--- START ---
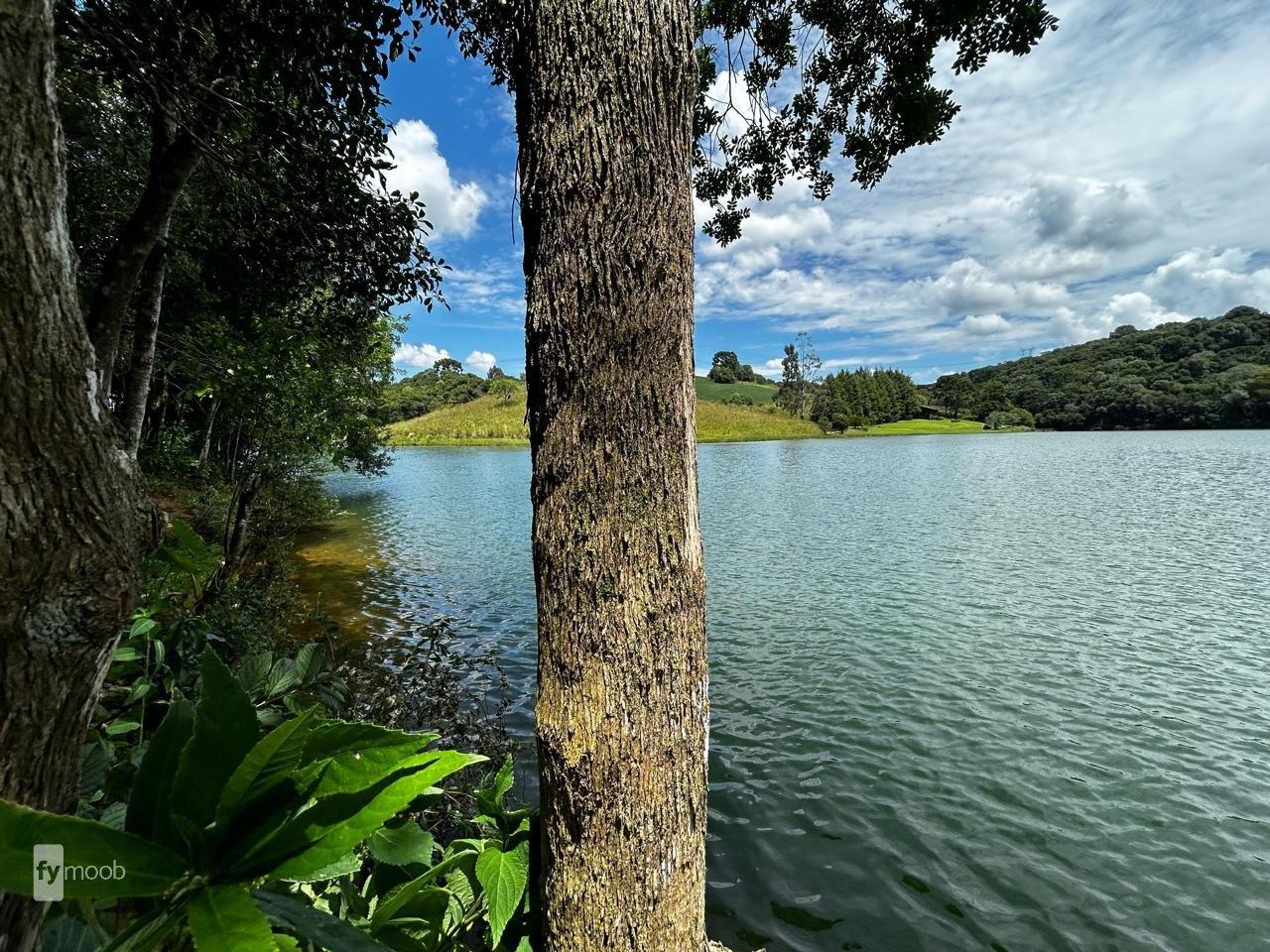 Foto do Chácara com 2 quartos no Vila David Antônio, Curitiba - foto 29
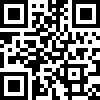 https://kowsarnews.ir/x3czk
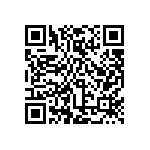 SIT9120AC-1C2-25S133-333000Y QRCode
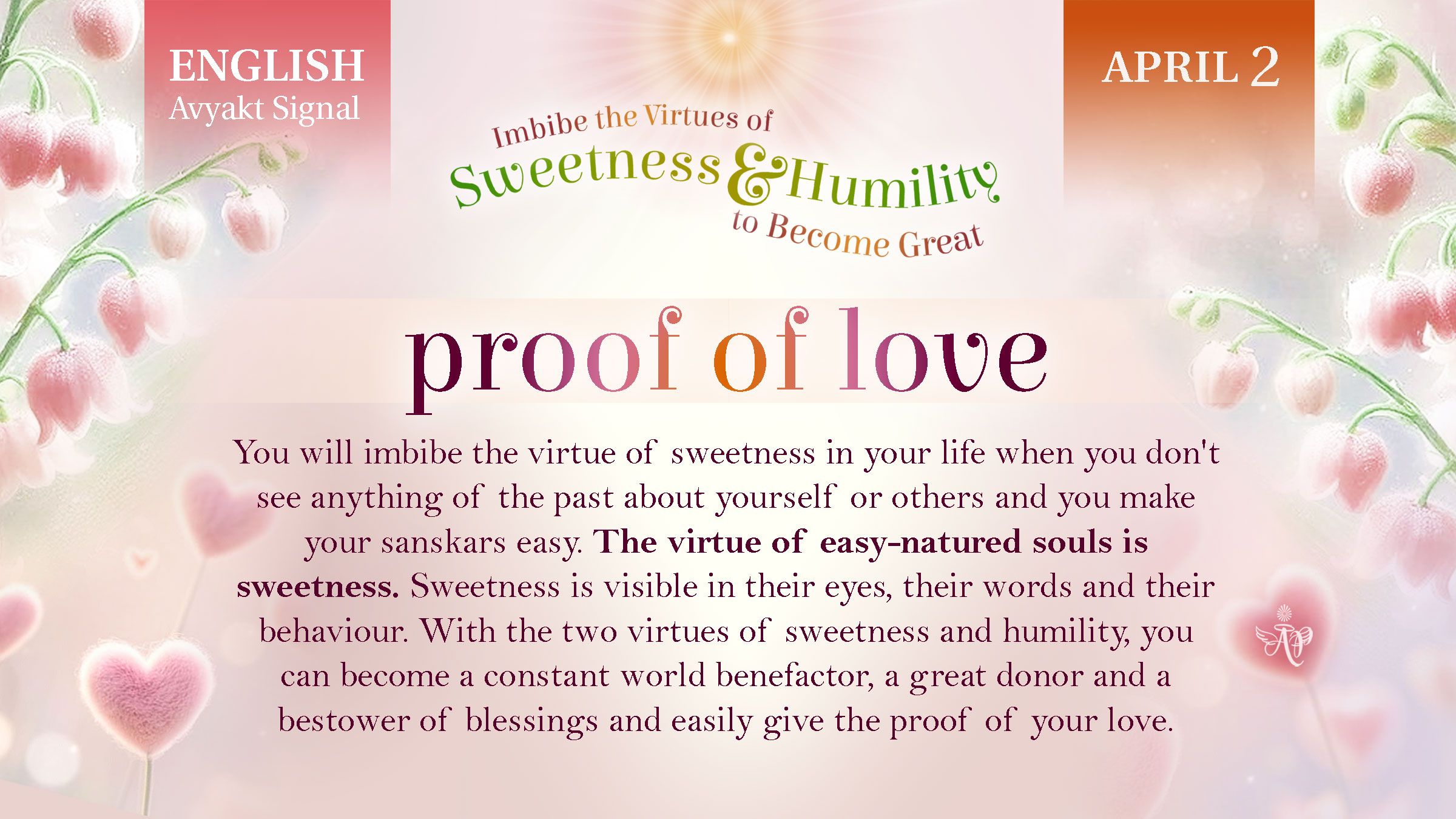 2026 April 2 Proof Of Love.jpg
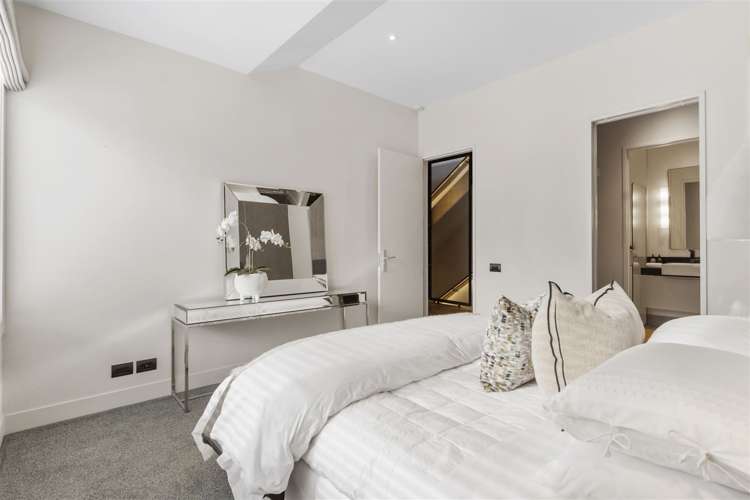 11b Scanlan Street Grey Lynn_10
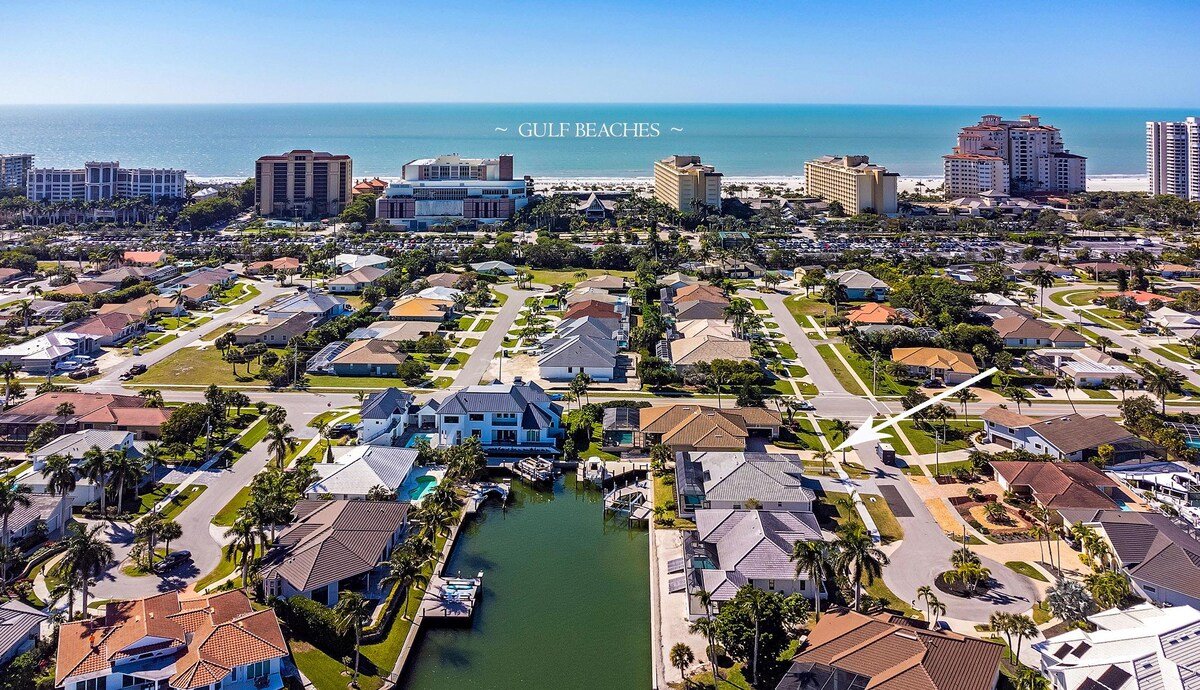 Aqualina gallery image 2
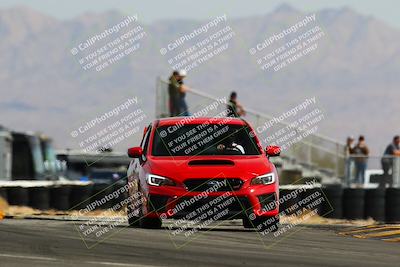 media/Mar-16-2025-Speed Ventures CVR (Sun) [[04681430d3]]/5-Purple Group/Session 2 Turn 16/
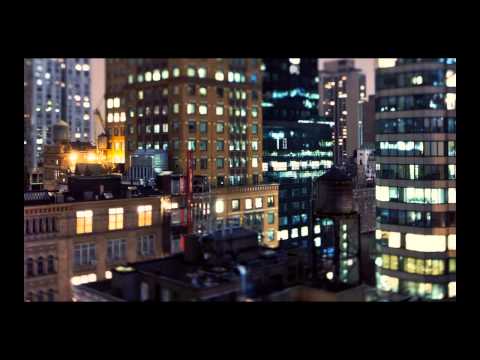 Jan Martin feat. Hysteria! - Save Me Now [Sample]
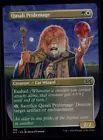 Qasali Pridemage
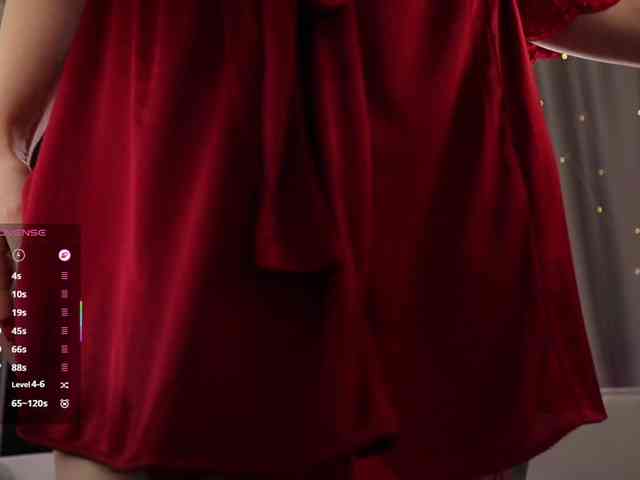 Rita_ webcam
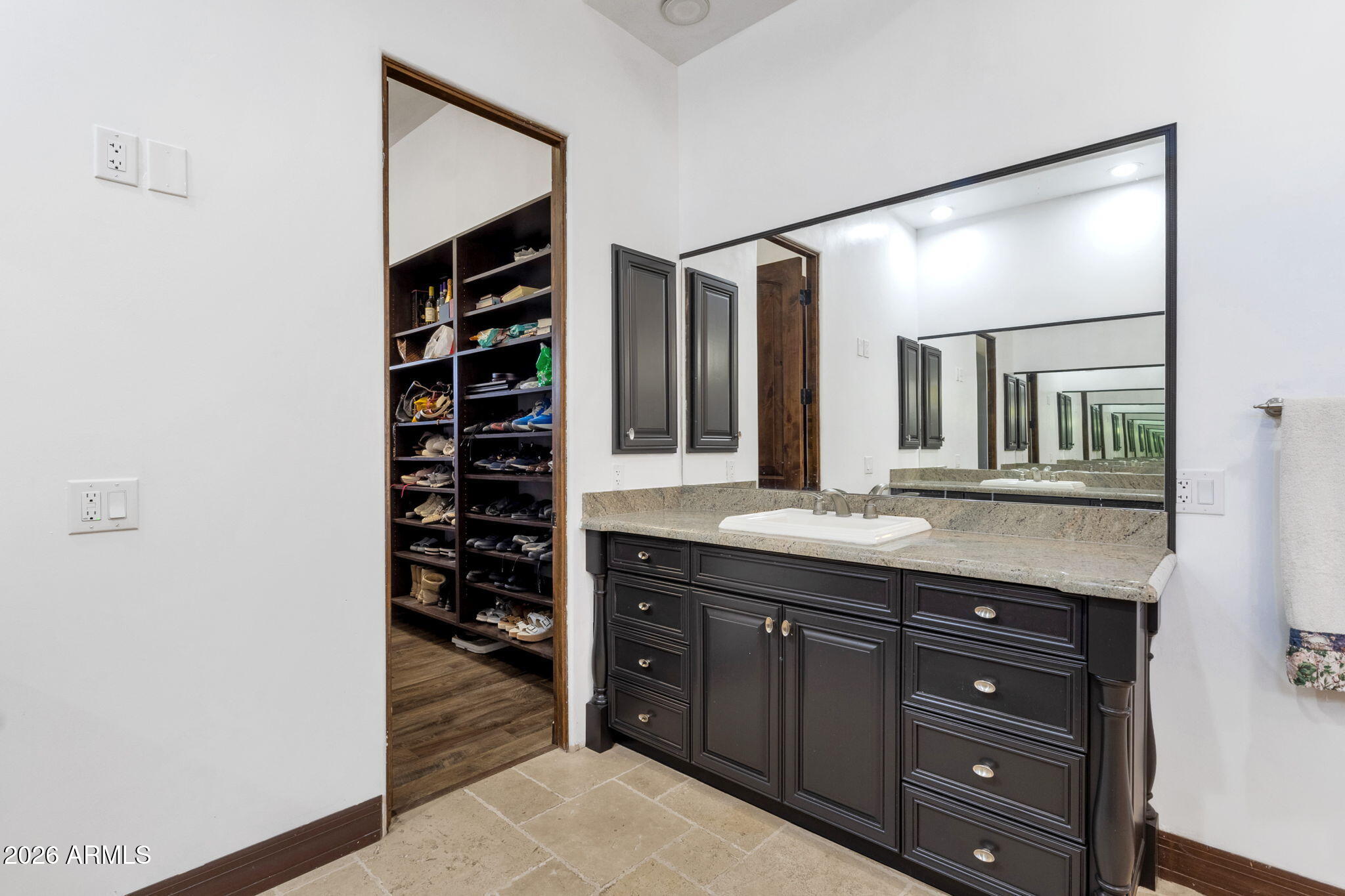 SWEETWATER STREET EAST - Residential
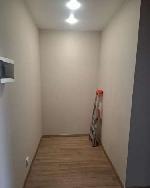 1-ком. квартира, 40 м&sup2;, ул.Фрунзе - 220 22565944.jpeg
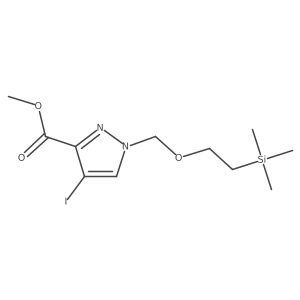 1401816-75-8 structure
--- END ---
▶ WORK ITEM
The records above should be reproduced exactly, with no pictures included.

▶ TASK RESPONSE
 Foto do Chácara com 2 quartos no Vila David Antônio, Curitiba - foto 29
 https://kowsarnews.ir/x3czk
 SIT9120AC-1C2-25S133-333000Y QRCode
 2026 April 2 Proof Of Love.jpg
 11b Scanlan Street Grey Lynn_10
 Aqualina gallery image 2
 media/Mar-16-2025-Speed Ventures CVR (Sun) [[04681430d3]]/5-Purple Group/Session 2 Turn 16/
 Jan Martin feat. Hysteria! - Save Me Now [Sample]
 Qasali Pridemage
 Rita_ webcam
 SWEETWATER STREET EAST - Residential
 1-ком. квартира, 40 м&sup2;, ул.Фрунзе - 220 22565944.jpeg
 1401816-75-8 structure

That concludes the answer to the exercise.